Monitor network file location for new files

A forum for discussing DataStage<sup>®</sup> basics. If you're not sure where your question goes, start here.

Moderators: chulett, rschirm, roy

Post Reply
alex999
Participant
Posts: 9
Joined: Wed Aug 12, 2015 3:25 am

Monitor network file location for new files

Post by alex999 »

Hi all

We are developing application managing some excel files. Case is that application will produce some excel files and save them in specific location.
We need now to import these files into database with Datastage just after someone save a new file in this specific location. So we need to make Datastage monitor somehow this location all the time and when there is any new file, it should start a job and import the file. Is it possible somehow?
How to configure such type of job?

Thank you for any responses
rkashyap
Premium Member
Premium Member
Posts: 532
Joined: Fri Dec 02, 2011 12:02 pm
Location: Richmond VA

Post by rkashyap »

(Assuming that the application creating the excel file cannot drop it on the DataStage/Unix box) Mount/share the source directory on DataStage box. Subsequently use a filewatcher to trigger other activities of your job. Filewatcher can be implemented using your scheduling tool or Wait For File Activity stage.
alex999
Participant
Posts: 9
Joined: Wed Aug 12, 2015 3:25 am

Post by alex999 »

That is a great tip! I haven't use this Wait-For-File activity yet.
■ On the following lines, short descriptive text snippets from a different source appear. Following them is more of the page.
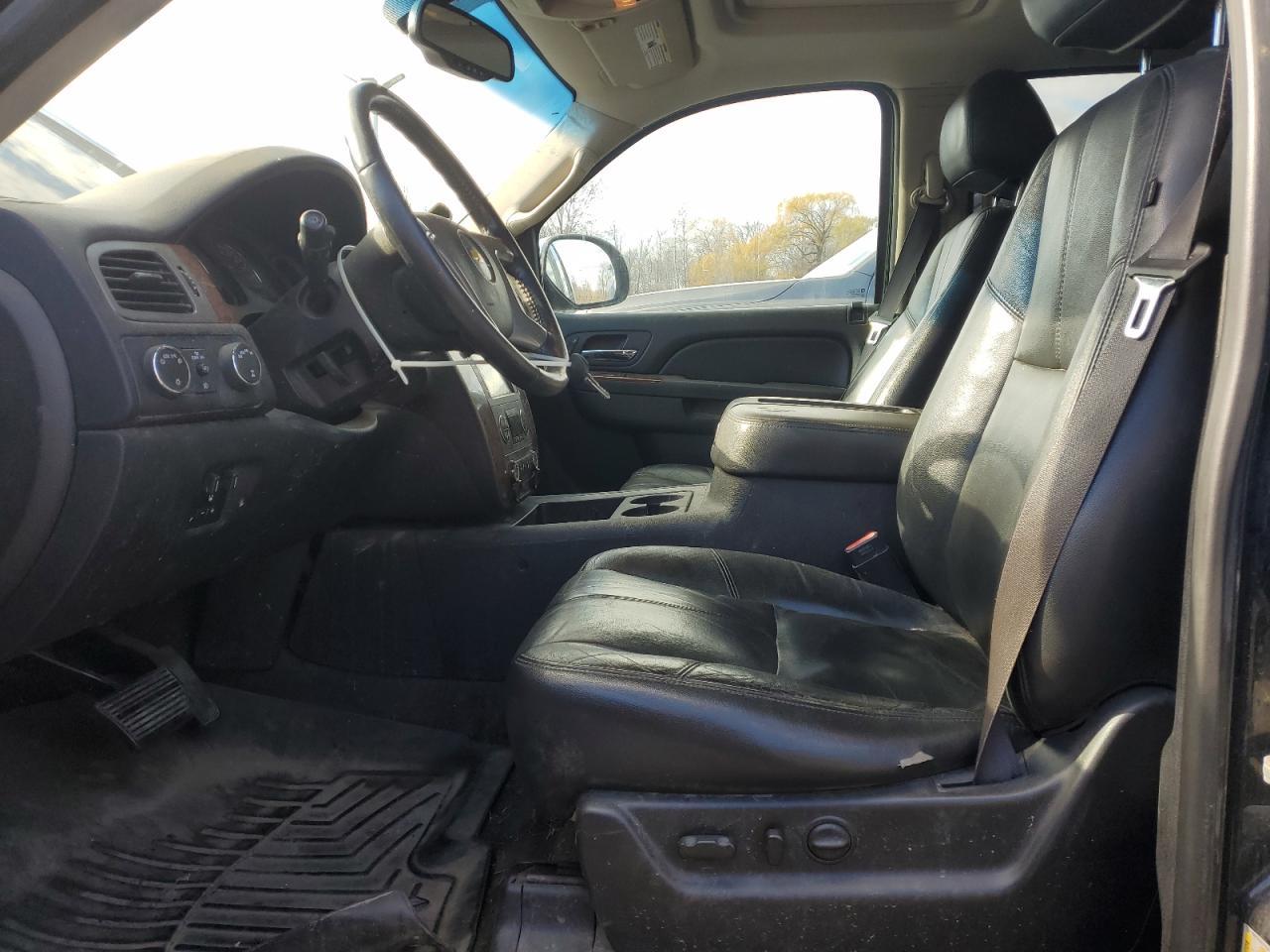 2013 Chevrolet Tahoe K1500 Lt - Image 7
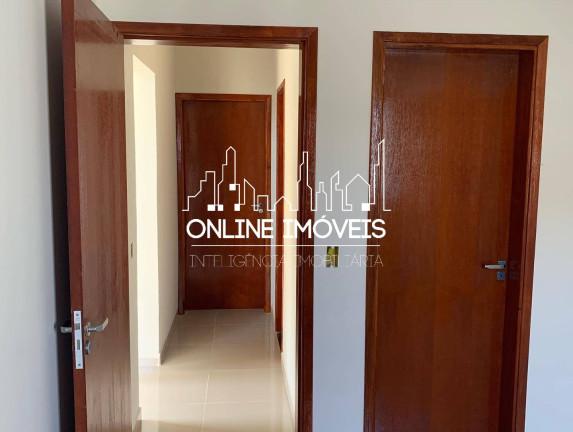Imagem Casa com 2 Quartos à Venda, 200 m² em Jardim Monte Líbano - Mogi Guaçu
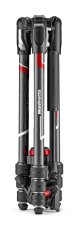 Manfrotto Befree Live Carbon tripod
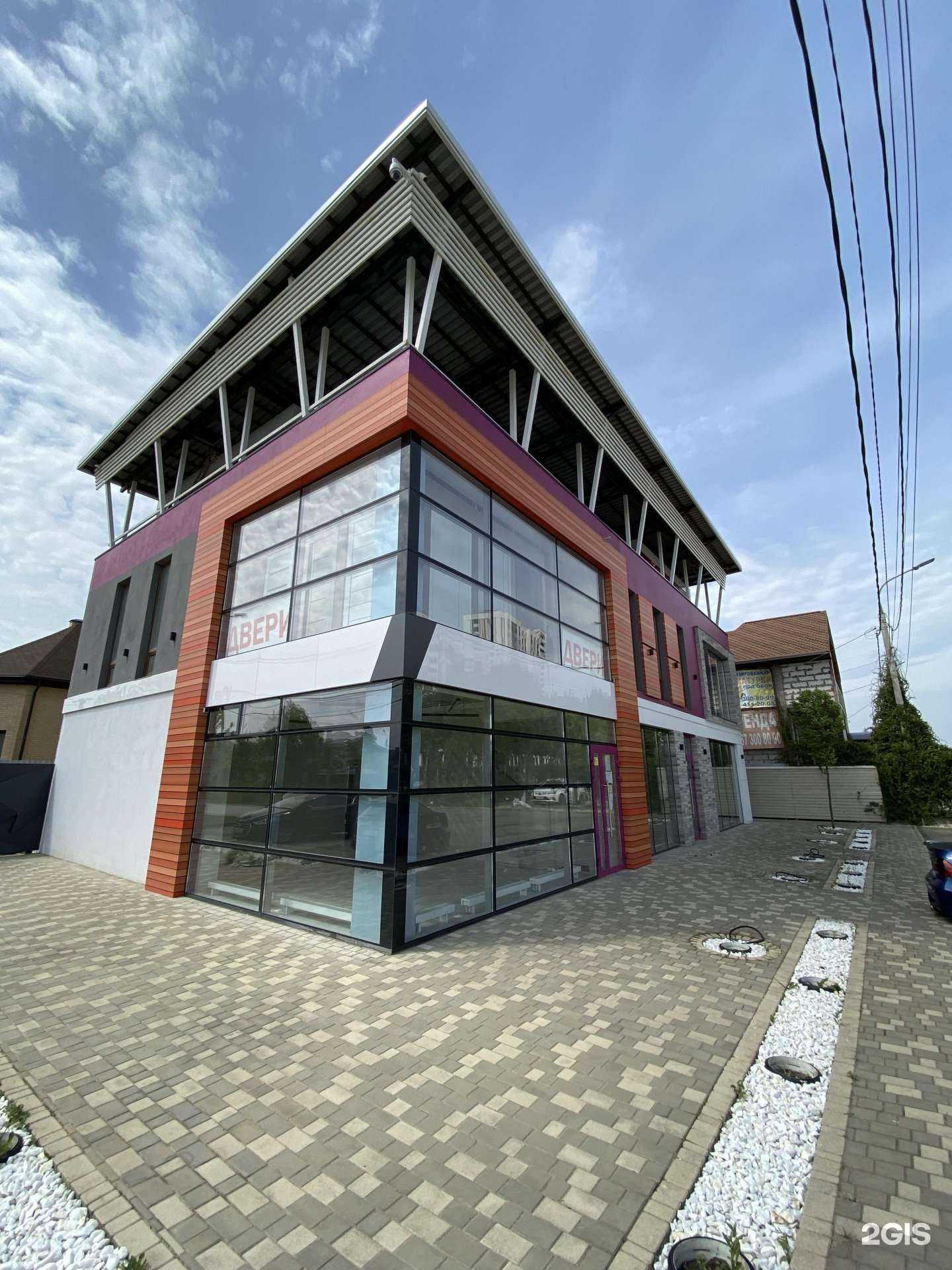 Отзывы на компанию Двериано в Краснодаре c фото - фотография 2 из 2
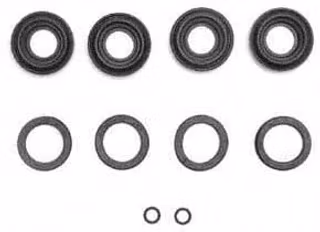 Repsats bromsok WK453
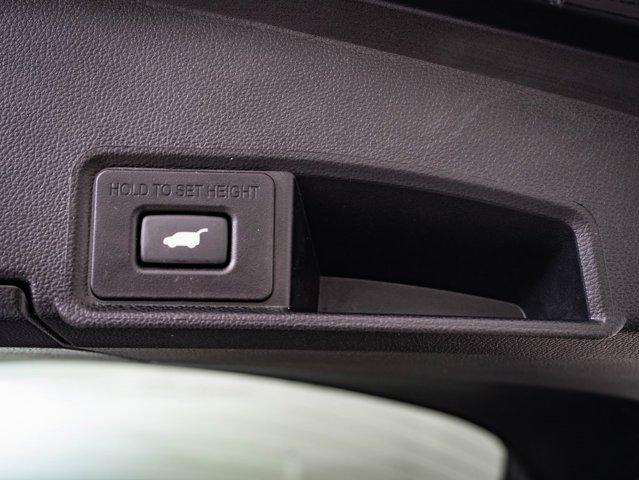 used 2025 Acura RDX car, priced at $45,798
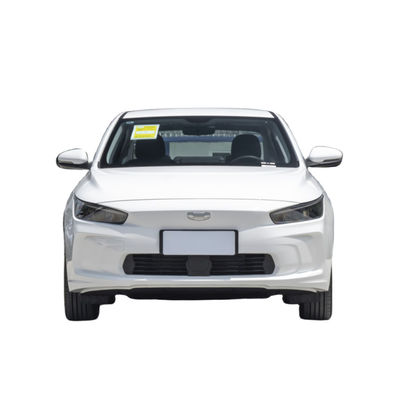 Geely Geometry A PRO Trung Quốc Electric Sedan 430KM-610KM Với màn hình 12.3' 720P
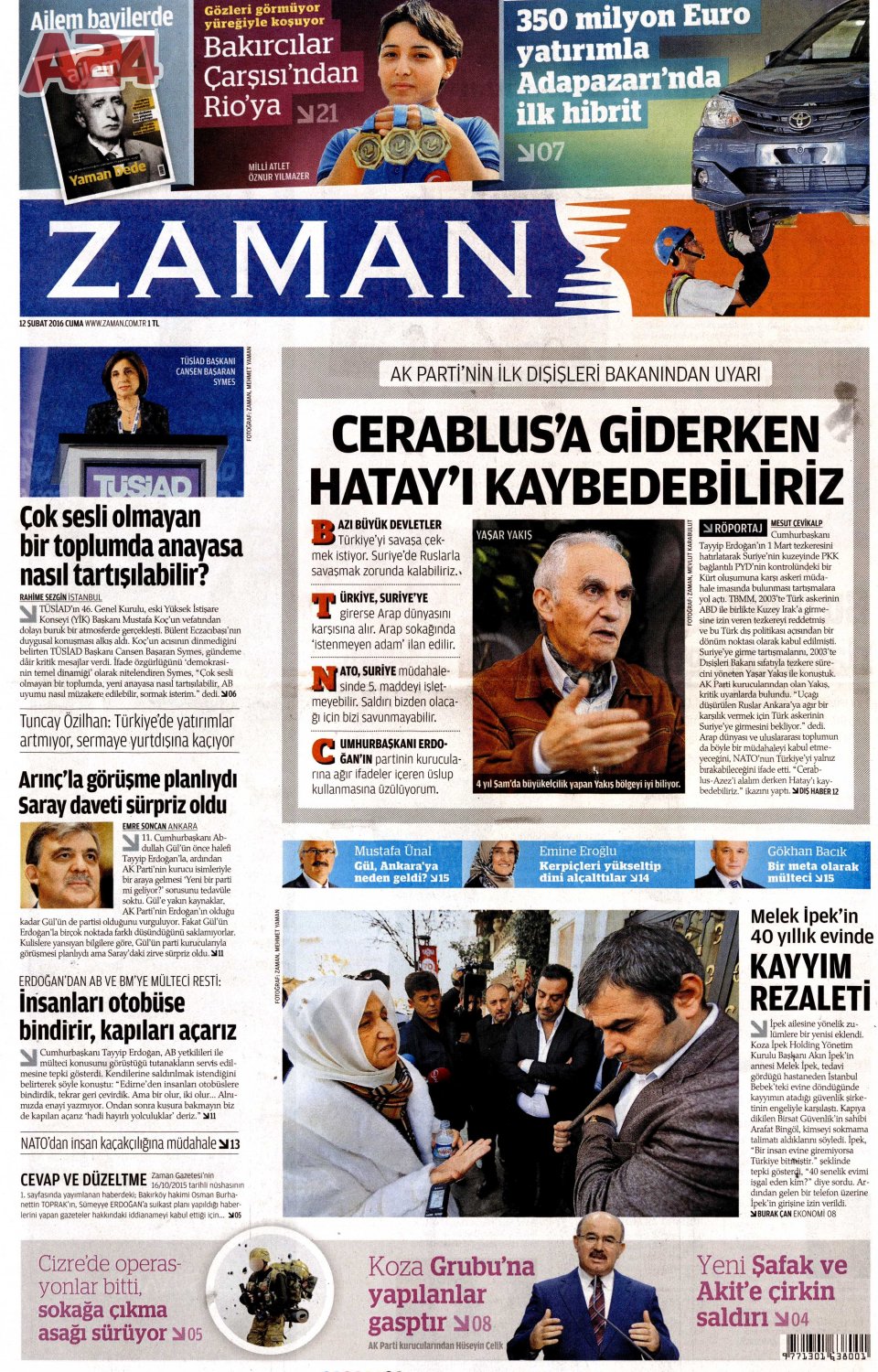 Zaman
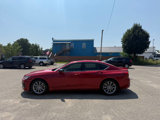 Used 2022 Acura TLX image 2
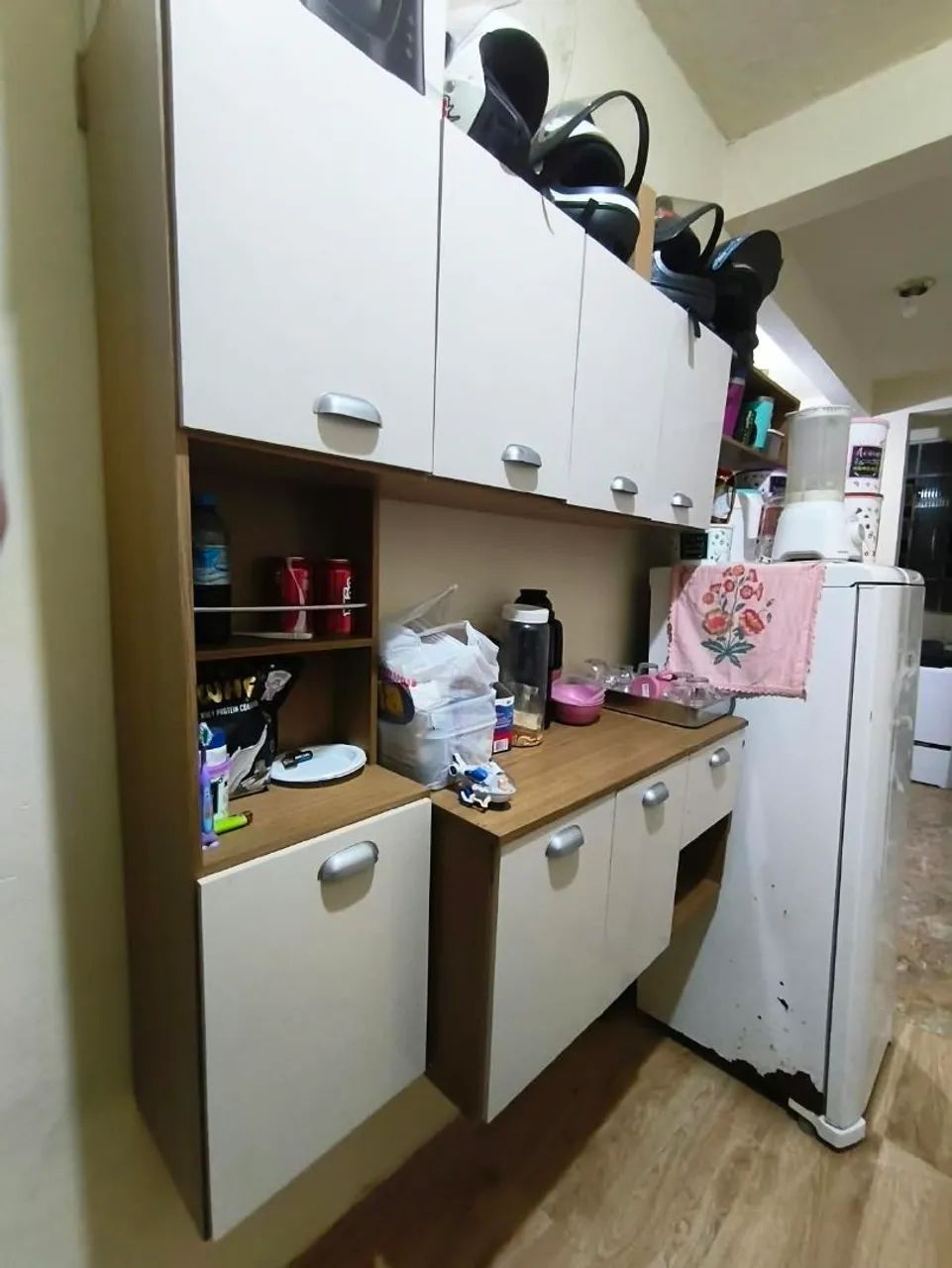 Armário de cozinha  - Foto 2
Is it possible to configure it to give there path to find ANY new file or it has to be specific file name? In the source directory there will be files like: report_hr_20160501, report_hr_20160601 and one day appear for example report_hr_20160701 and report_hr_20160601_v2, datastage should take only these 2 new reports. Probably we won't know names of these files.
rkashyap
Premium Member
Premium Member
Posts: 532
Joined: Fri Dec 02, 2011 12:02 pm
Location: Richmond VA

Post by rkashyap »

Wait For File Activity stage looks for a specific filename and does not support wildcards. See this discussion.
chulett
Charter Member
Charter Member
Posts: 43085
Joined: Tue Nov 12, 2002 4:34 pm
Location: Denver, CO

Post by chulett »

And failing the ability to mount them on your ETL server (can't remember the last place I worked where that was allowed to happen) you'll need to look into a script of some kind to do the remote wildcard file existence check. Or if your version supports it, use an FTP source in a job to do basically an "mget" on files that you schedule to run X times a day.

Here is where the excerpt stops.